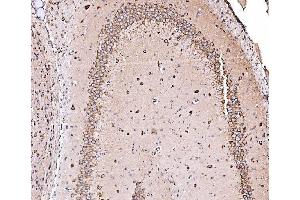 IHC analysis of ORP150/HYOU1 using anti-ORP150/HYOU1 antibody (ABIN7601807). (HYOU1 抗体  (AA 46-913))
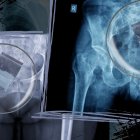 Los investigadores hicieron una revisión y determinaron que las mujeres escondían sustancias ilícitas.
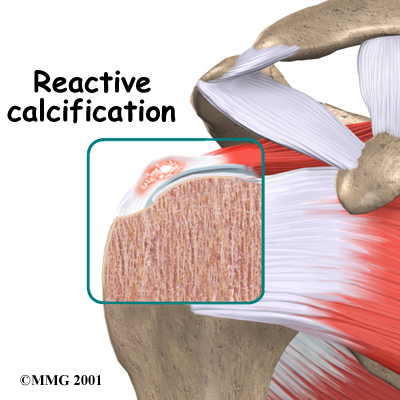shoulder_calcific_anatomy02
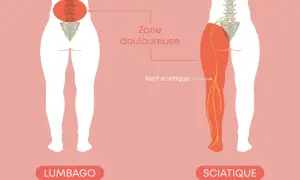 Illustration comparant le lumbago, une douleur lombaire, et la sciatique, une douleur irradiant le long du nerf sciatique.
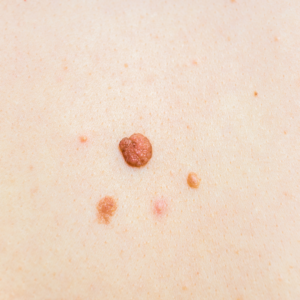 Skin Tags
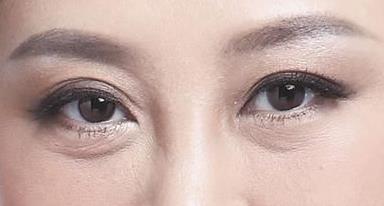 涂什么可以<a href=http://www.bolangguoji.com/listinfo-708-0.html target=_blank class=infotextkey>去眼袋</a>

...

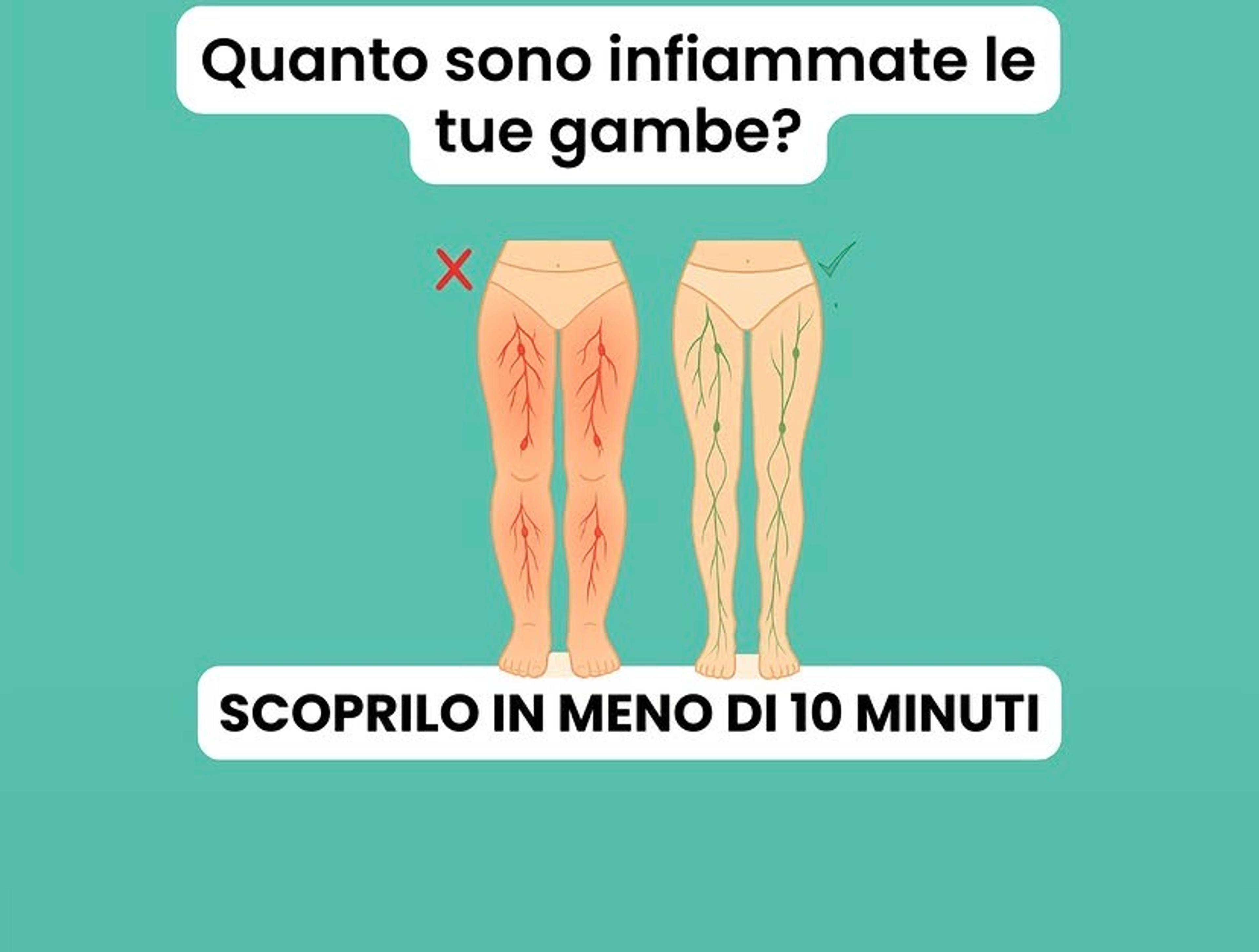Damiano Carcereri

### About this exercise
Print nothing except the lines above from the one containing "IHC analysis of" down to the one containing "shoulder_calcific_anatomy02", both included, exactly as written and free of pictures.

### Completed task
 IHC analysis of ORP150/HYOU1 using anti-ORP150/HYOU1 antibody (ABIN7601807). (HYOU1 抗体  (AA 46-913))
 Los investigadores hicieron una revisión y determinaron que las mujeres escondían sustancias ilícitas.
shoulder_calcific_anatomy02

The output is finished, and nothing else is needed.